▸ **SUPPLIED MATERIAL**:
>>>

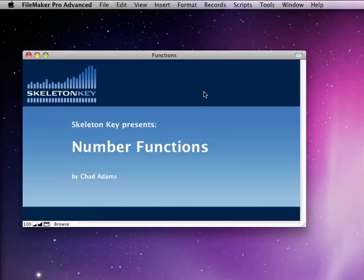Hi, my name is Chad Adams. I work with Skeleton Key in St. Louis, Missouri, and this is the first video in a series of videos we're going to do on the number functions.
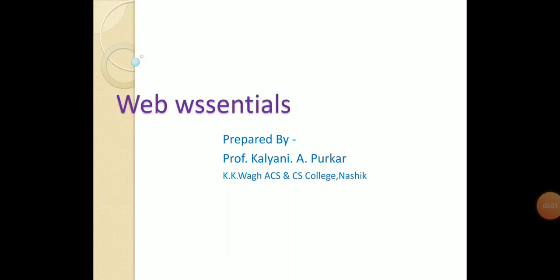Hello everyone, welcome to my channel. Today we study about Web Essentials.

<<<
>>>

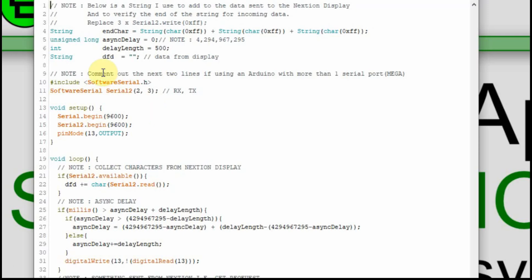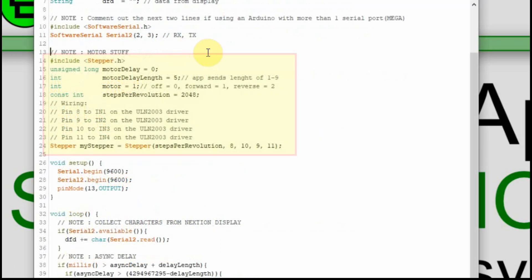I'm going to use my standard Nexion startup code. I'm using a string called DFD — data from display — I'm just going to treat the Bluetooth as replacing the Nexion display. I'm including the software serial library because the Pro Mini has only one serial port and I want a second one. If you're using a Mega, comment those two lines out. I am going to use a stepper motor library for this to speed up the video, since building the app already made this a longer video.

<<<

▸ **TRY IT**:
Each line above starting at the one holding "Hi, my name" and ending at the one holding "Hello everyone, welcome" should be set down exactly as it stands, both ends included, with no pictures.

▸ **RESULT BELOW**:
Hi, my name is Chad Adams. I work with Skeleton Key in St. Louis, Missouri, and this is the first video in a series of videos we're going to do on the number functions.
Hello everyone, welcome to my channel. Today we study about Web Essentials.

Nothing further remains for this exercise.